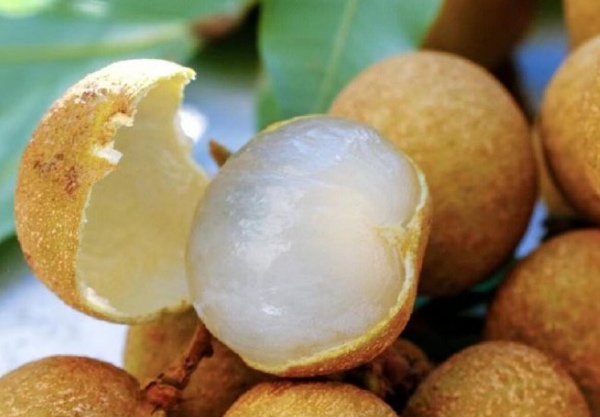储良龙眼(图3) 剥开的龙眼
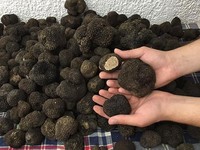 Bukan Kurma, Negara Islam Ini Malah Cari Jamur Buat Buka Puasa Ramadan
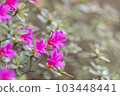 Beautiful pink Rhododendron blossom background shallow depth, soft focus. Faded colors. Toned pastel image. Greeting card template 103448441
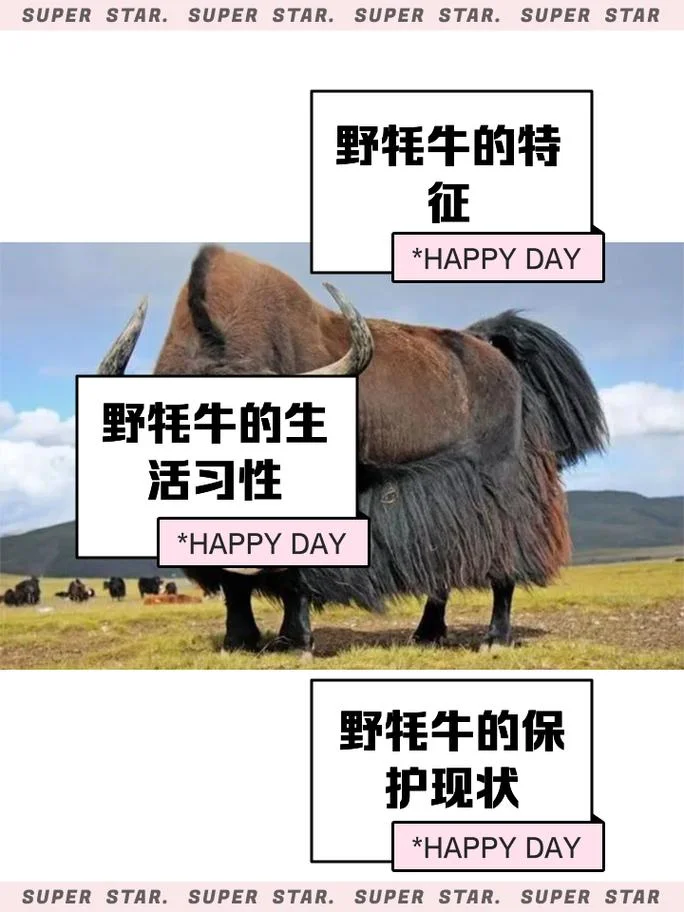 耗牛在哪个省-全国耗牛省份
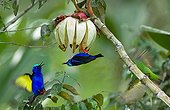 Red-legged Honeycreeper on a Clusia fruit French Guiana ; The Clusia fruit open like a star, offering their orange seeds for birds that disperse them.
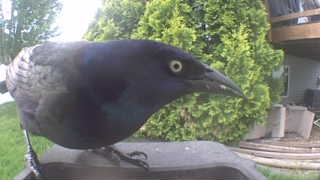 common grackle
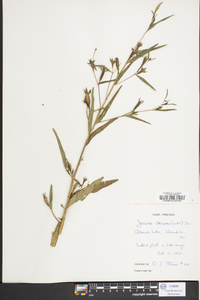 Ludwigia decurrens image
:::::
Work request:
Return exactly the lines starting at the line with "Red-legged Honeycreeper on" and ending at the last line of the listing, both ends included; pictures are to be left out.

Result of the task:
 Red-legged Honeycreeper on a Clusia fruit French Guiana ; The Clusia fruit open like a star, offering their orange seeds for birds that disperse them.
 common grackle
 Ludwigia decurrens image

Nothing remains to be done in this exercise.